**Exercise instructions**:
Examine the entries below, count the lines holding the string "Thanks", and respond with the number only.

[Stored items]

+ + +

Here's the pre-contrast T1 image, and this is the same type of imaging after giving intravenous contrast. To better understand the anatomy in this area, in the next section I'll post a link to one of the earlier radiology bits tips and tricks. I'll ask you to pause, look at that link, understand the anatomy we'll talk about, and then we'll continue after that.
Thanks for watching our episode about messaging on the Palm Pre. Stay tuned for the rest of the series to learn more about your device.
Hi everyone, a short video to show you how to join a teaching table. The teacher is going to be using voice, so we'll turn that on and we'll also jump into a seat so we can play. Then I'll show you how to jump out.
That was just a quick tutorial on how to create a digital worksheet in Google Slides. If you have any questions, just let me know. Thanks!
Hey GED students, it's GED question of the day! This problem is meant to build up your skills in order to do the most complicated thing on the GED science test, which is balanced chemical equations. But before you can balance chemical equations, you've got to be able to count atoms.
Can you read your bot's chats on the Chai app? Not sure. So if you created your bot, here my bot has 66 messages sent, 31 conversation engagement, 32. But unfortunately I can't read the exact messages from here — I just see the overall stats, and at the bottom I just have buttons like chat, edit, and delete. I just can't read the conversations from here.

+ + +

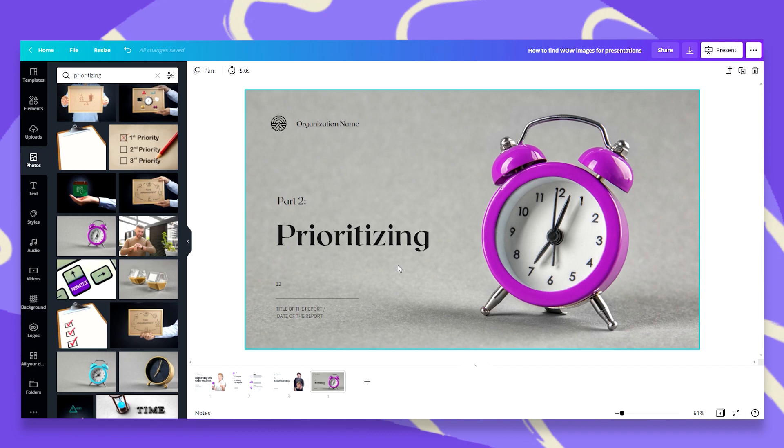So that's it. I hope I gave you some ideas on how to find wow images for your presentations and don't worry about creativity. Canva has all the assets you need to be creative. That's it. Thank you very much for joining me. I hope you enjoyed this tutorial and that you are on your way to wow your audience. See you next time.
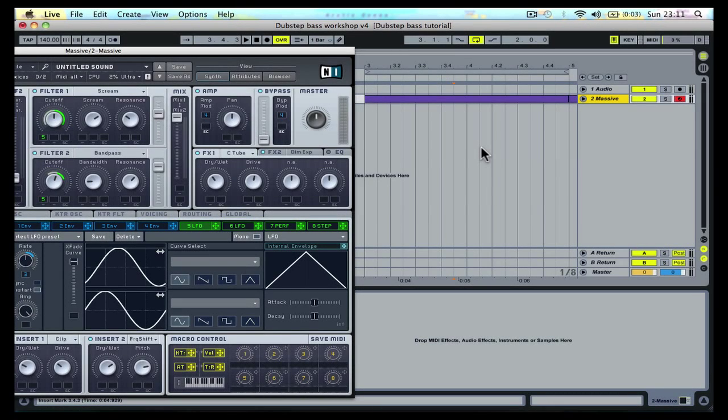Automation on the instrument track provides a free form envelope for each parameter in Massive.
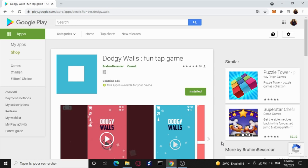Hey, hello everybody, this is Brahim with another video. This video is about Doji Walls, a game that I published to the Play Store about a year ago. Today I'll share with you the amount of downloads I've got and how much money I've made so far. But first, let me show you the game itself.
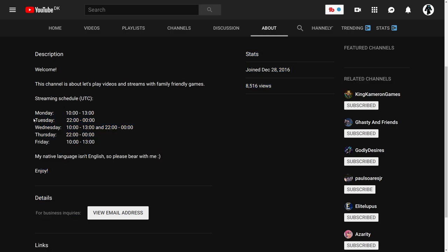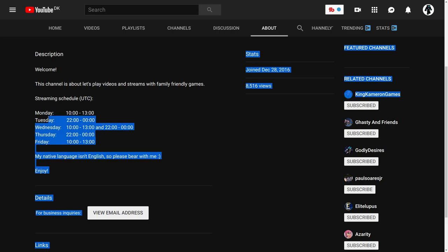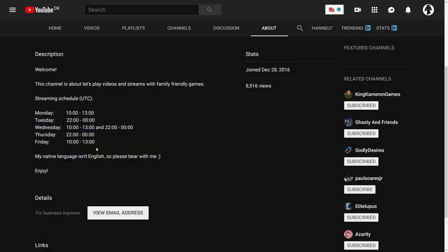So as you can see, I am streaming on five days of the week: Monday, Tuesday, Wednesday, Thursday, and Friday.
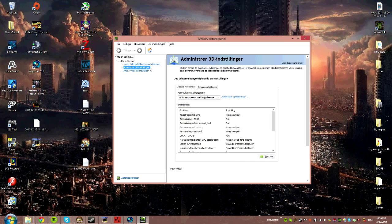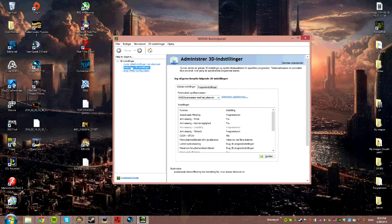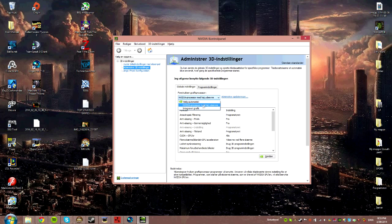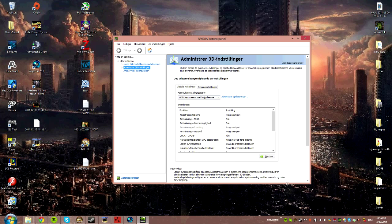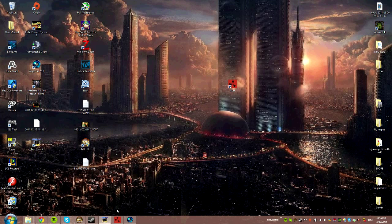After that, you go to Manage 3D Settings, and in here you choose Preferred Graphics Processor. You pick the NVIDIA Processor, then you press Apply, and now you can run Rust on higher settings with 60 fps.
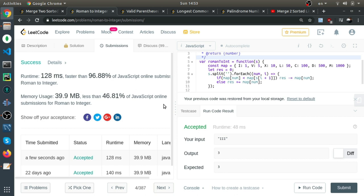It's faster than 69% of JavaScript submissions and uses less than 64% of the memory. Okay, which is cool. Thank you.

+ + +

**Solution**:
2